** DATA SHOWN follows **

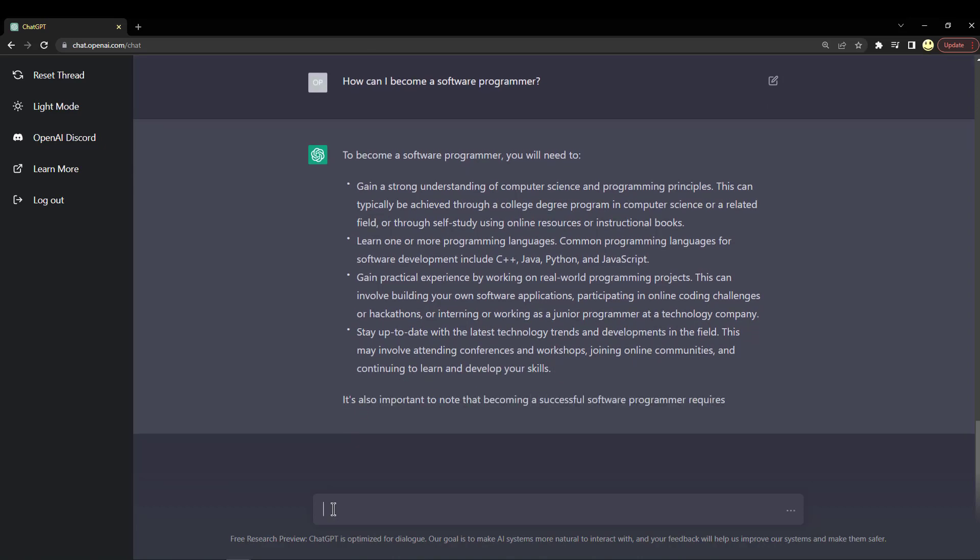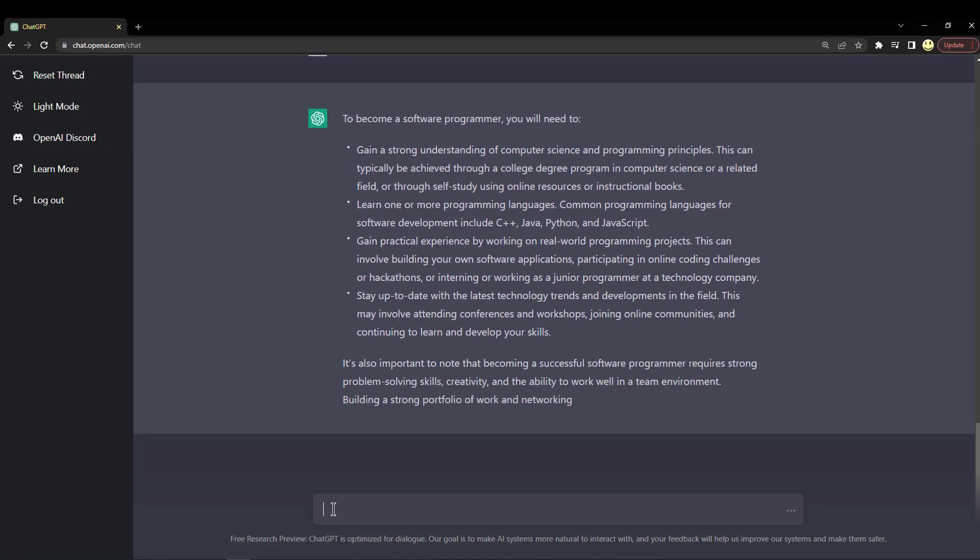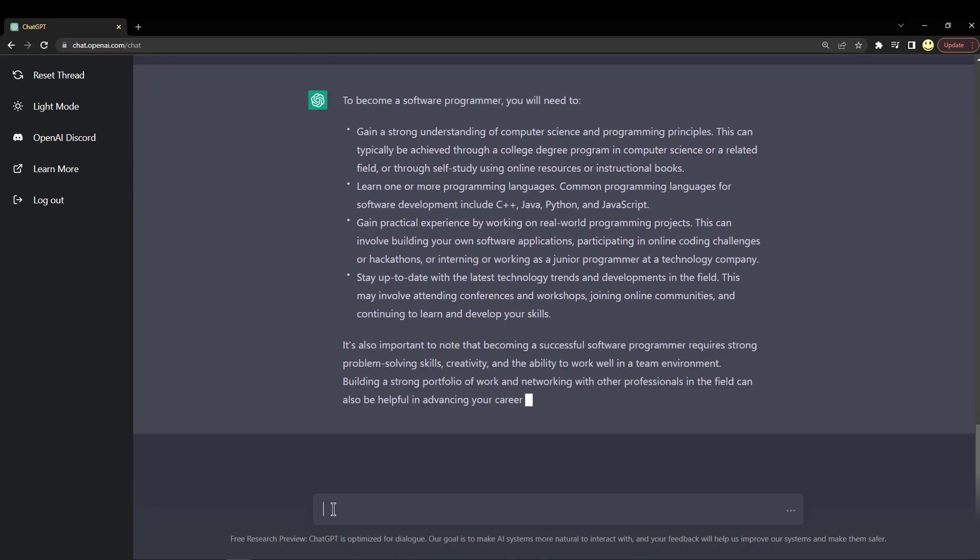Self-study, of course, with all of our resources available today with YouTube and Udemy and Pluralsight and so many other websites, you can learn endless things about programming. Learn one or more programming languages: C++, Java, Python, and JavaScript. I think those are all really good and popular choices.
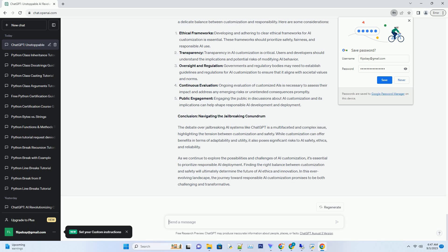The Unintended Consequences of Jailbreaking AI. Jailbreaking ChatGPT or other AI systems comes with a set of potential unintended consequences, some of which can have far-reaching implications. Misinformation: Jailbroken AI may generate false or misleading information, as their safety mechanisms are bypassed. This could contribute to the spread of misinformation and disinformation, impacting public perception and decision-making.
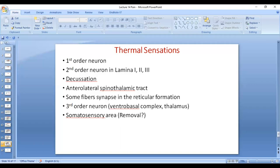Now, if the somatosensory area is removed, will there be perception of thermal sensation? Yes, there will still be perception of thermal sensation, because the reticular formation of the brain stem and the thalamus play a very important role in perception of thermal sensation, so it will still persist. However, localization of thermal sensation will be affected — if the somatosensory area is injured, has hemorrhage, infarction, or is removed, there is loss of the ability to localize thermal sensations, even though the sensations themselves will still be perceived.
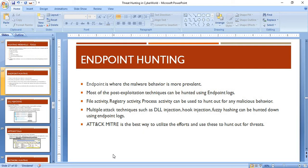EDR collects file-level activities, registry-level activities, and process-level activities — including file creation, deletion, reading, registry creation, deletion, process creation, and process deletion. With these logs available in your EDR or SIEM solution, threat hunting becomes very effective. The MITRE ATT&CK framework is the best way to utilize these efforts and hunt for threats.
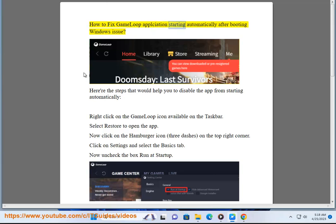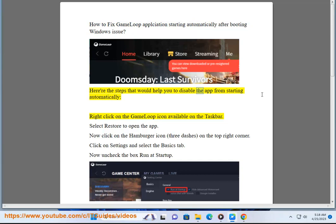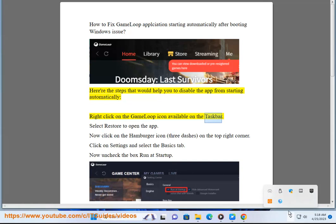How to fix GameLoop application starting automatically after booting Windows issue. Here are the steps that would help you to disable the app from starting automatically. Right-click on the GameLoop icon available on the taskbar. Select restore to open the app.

** End of DATA SHOWN **

TASK ITEM = Output the lines of the data exactly, starting at the first and ending with the line that has "The Unintended Consequences". Pictures are not part of it.

RESPONSE BOX =
Self-study, of course, with all of our resources available today with YouTube and Udemy and Pluralsight and so many other websites, you can learn endless things about programming. Learn one or more programming languages: C++, Java, Python, and JavaScript. I think those are all really good and popular choices.
The Unintended Consequences of Jailbreaking AI. Jailbreaking ChatGPT or other AI systems comes with a set of potential unintended consequences, some of which can have far-reaching implications. Misinformation: Jailbroken AI may generate false or misleading information, as their safety mechanisms are bypassed. This could contribute to the spread of misinformation and disinformation, impacting public perception and decision-making.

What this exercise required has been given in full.